An unchanged copy of every record below, without pictures, is the goal.

——————————

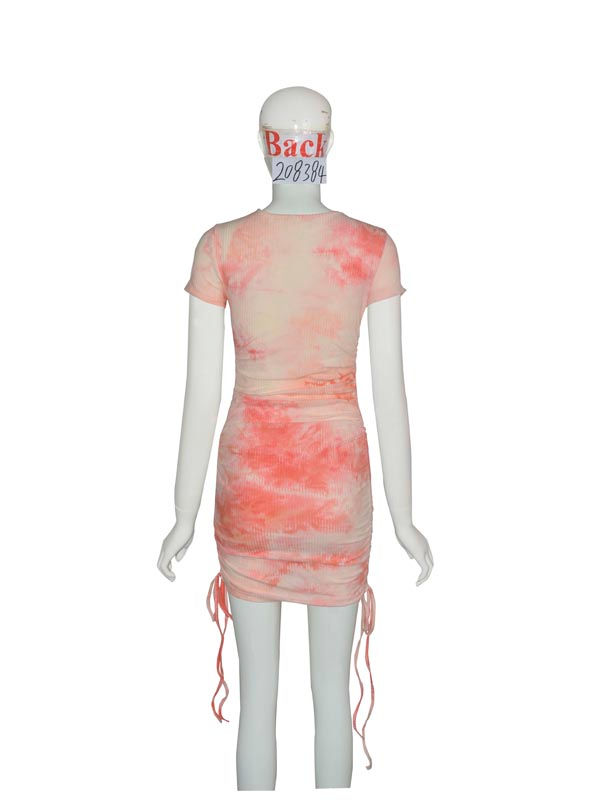 Thumbnail: Tie Dye Ruched Short Sleeve Fitted Dress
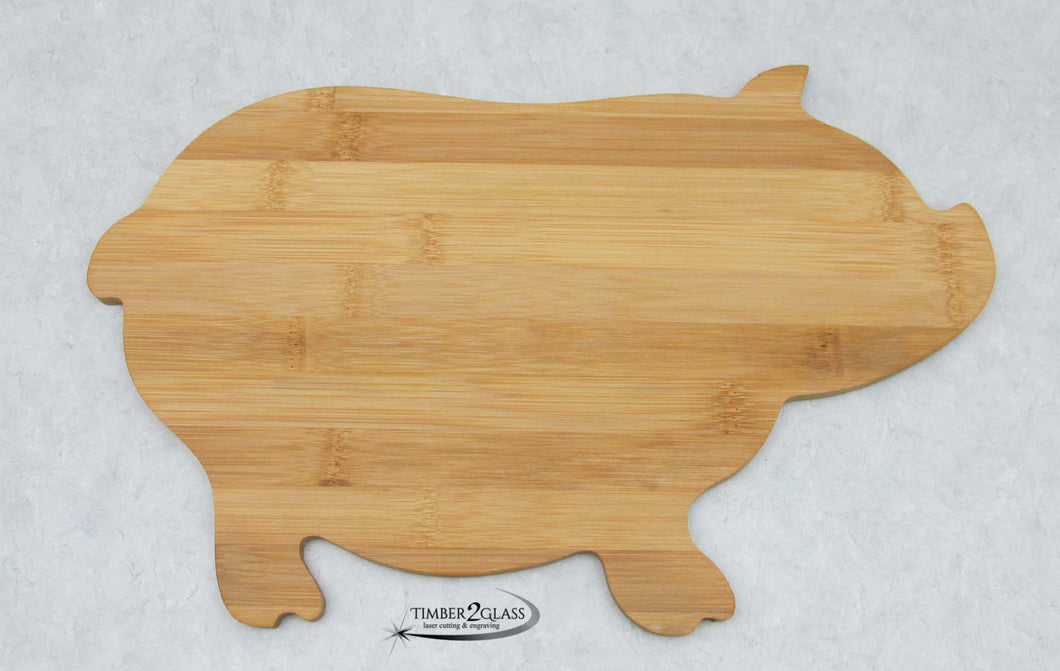 personalize pig bamboo cutting board with Timber 2 Glass, pig cutting board, pig shaped cutting board customized, engrave pig cutting board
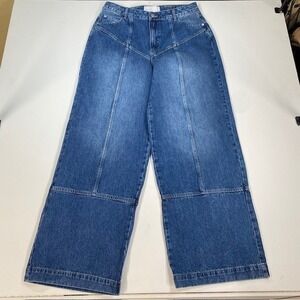 Wide Leg Jeans Distressed Naked Wardrobe Denim Medium Wash Size 31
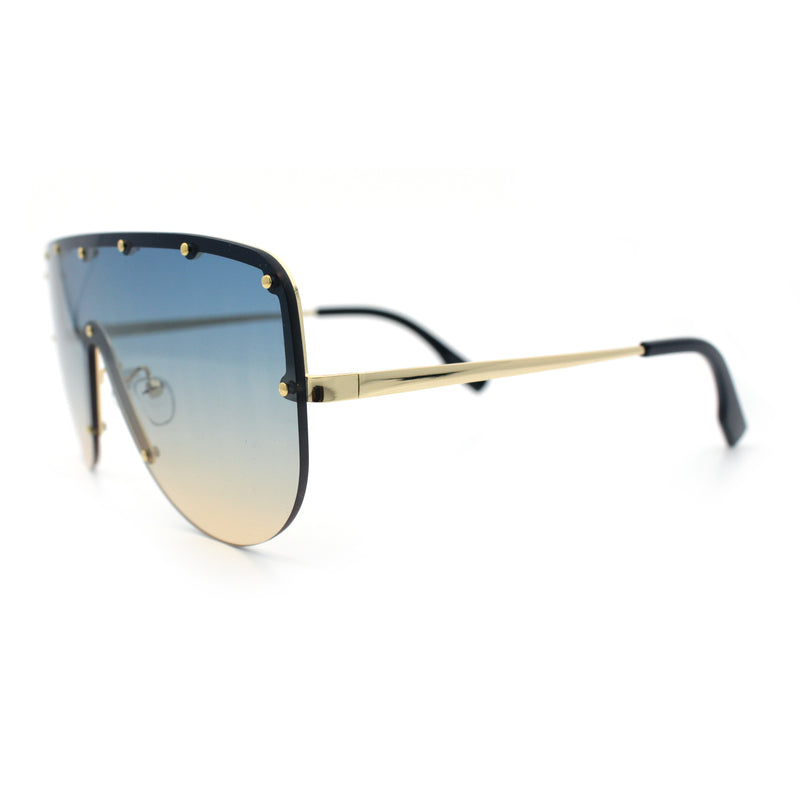 Metal Stud Flat Top Half Rim Rimless Shield Oversized Racer Sunglasses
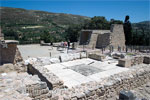 Een overzicht van het plein van Knossos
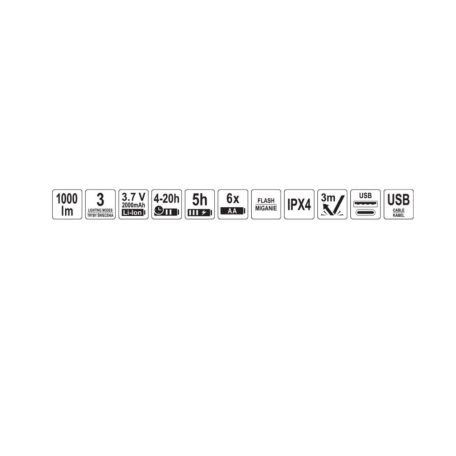 LED-es újratölthető USB-C zseblámpa 10W, IPX4, 1000lm, 7500-8500K (2000mAh/3,7V)
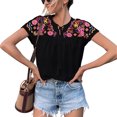 thumbnail image 1 of Chemise Décontractée à Manches Courtes pour Femmes, Blouse Brodée Vintage Col Rond pour Travail pour Bureau pour Magasinage, 1 of 5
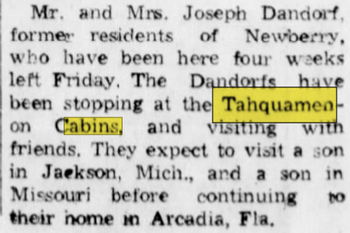 Tahquamenon Cabins - Sep 9 1961 Article (newer photo)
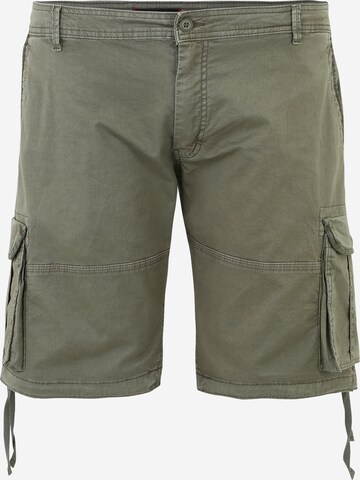 Jack & Jones Plus - Regular Calças cargo 'ZEUS' em verde: frente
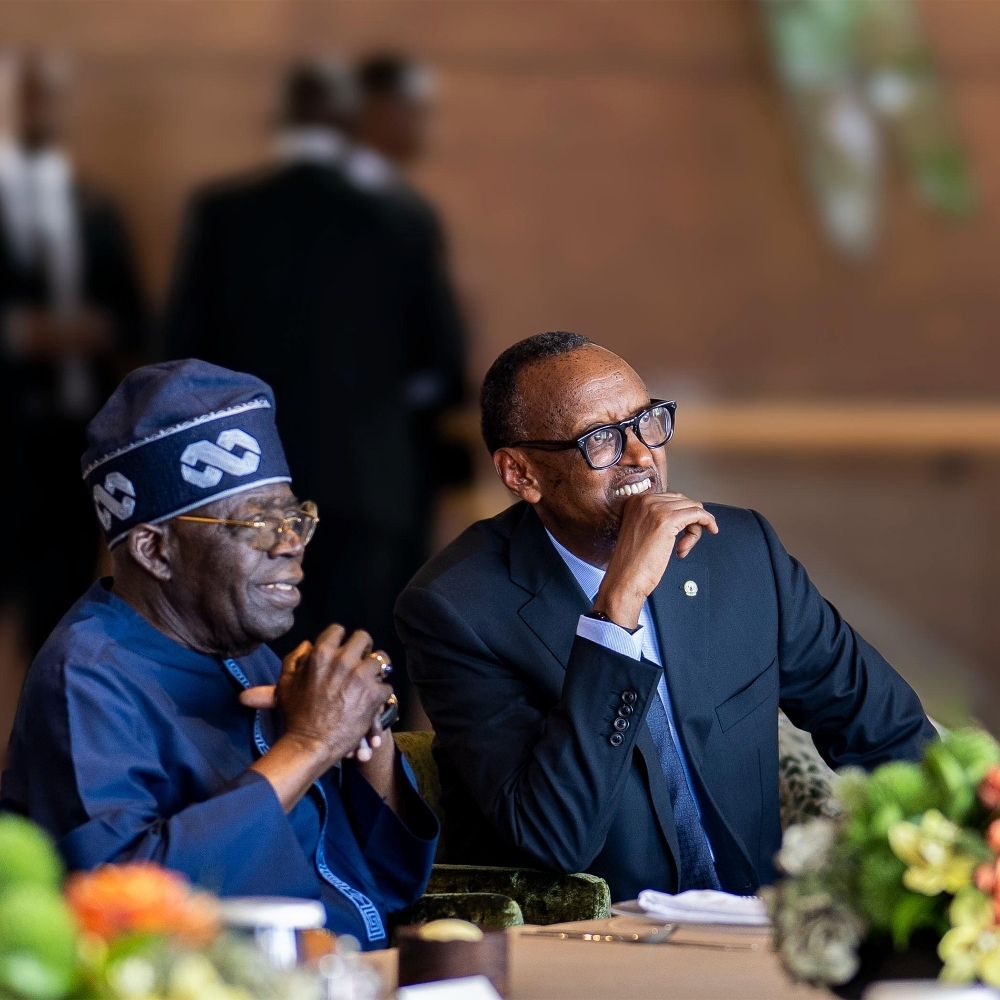 Nigerian President Bola Tinubu and his Rwandan counterpart, Paul Kagame, in Kigali on 13 May.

——————————

__Answer to this task__:
 Thumbnail: Tie Dye Ruched Short Sleeve Fitted Dress
 personalize pig bamboo cutting board with Timber 2 Glass, pig cutting board, pig shaped cutting board customized, engrave pig cutting board
 Wide Leg Jeans Distressed Naked Wardrobe Denim Medium Wash Size 31
 Metal Stud Flat Top Half Rim Rimless Shield Oversized Racer Sunglasses
 Een overzicht van het plein van Knossos
 LED-es újratölthető USB-C zseblámpa 10W, IPX4, 1000lm, 7500-8500K (2000mAh/3,7V)
 thumbnail image 1 of Chemise Décontractée à Manches Courtes pour Femmes, Blouse Brodée Vintage Col Rond pour Travail pour Bureau pour Magasinage, 1 of 5
 Tahquamenon Cabins - Sep 9 1961 Article (newer photo)
 Jack & Jones Plus - Regular Calças cargo 'ZEUS' em verde: frente
 Nigerian President Bola Tinubu and his Rwandan counterpart, Paul Kagame, in Kigali on 13 May.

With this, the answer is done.